Grâce à la garantie d’autonomie, les jeunes entre 18 et 25 ans inscrits dans une formation ne seront plus privés de leur dignité pour vivre : leur revenu mensuel sera complété pour atteindre le seuil de pauvreté (ajusté en fonction de la composition du foyer : un peu plus de 1 100 euros pour une personne seule, de 1 650 euros pour un couple sans enfant ou un parent seul, etc.) à condition qu’ils soient détachés du foyer fiscal de leurs parents. Ce droit sera étendu aux lycéens inscrits dans l’enseignement professionnel à partir de 16 ans.

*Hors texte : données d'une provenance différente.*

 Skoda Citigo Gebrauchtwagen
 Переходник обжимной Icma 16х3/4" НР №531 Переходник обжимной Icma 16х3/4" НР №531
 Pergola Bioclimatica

En effet, les 626 723 lycéens professionnels en France en 2022 sont issus majoritairement des milieux populaires. Selon les Repères et référence 2022 de la Direction de l’évaluation, de la prospective et de la performance (DEPP) du Ministère de l’éducation nationale et de la Jeunesse, 54,8 % des élèves suivant une formation en bac professionnel dans le secteur public sont issus d’une catégorie sociale défavorisée. On observe une désaffection des formations proposées en lycée professionnel : entre 2017 et 2021, le nombre de lycéens professionnels a baissé de 16 649 élèves. Les sorties en cours de formation ont également augmenté. Cela représente 10,3 % des élèves en première professionnelle en 2021. Les enseignants ont vu cette tendance encore s’aggraver ces derniers mois : « Le jeune souhaite être autonome, il ne veut plus être à charge de ses parents », mais « s’ils souhaitent plus tard reprendre leurs études ou changer de secteur, ce sera beaucoup plus compliqué » sans diplôme explique Laurence Colin, cheffe d’établissement, à France Inter le 23 mai 2022 ([5]).

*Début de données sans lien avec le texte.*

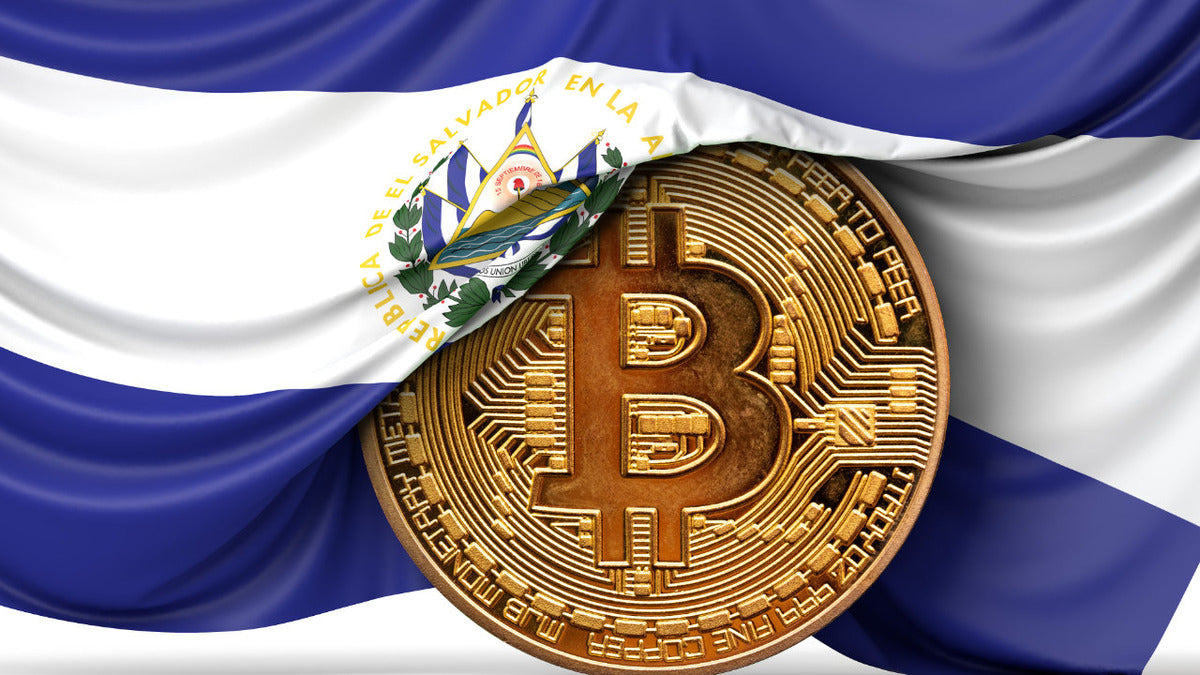 El Salvador Buys the Dip, Adds 410 More Bitcoins During Crypto Selloff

Cette proposition de loi constitue une chance historique de garantir à chaque étudiant ou lycéen de l’enseignement professionnel le droit à poursuivre ses études.

L’article 1er prévoit la création d’une garantie autonomie pour les jeunes entre 18 et 25 ans, détachés du foyer fiscal du ou des parents, et inscrits dans une formation en vue de la préparation d’un diplôme ou d’un concours et dont les revenus sont inférieurs au seuil de pauvreté, soit 1 102 euros actuellement. Il prévoit également l’ouverture de ce droit pour les lycéens professionnels dès 16 ans.

Un décret précisera les conditions dans lesquelles un jeune ayant atteint 18 ans mais encore scolarisé dans un lycée technologique ou général pourra percevoir cette aide en cas de grande précarité. Ce décret spécifiera les modalités de calcul du montant de la garantie autonomie.

L’article 2 prévoit une taxe exceptionnelle sur les superprofits des sociétés pétrolières et gazières, les sociétés de transport maritime et les concessionnaires d’autoroutes afin de financer cette mesure.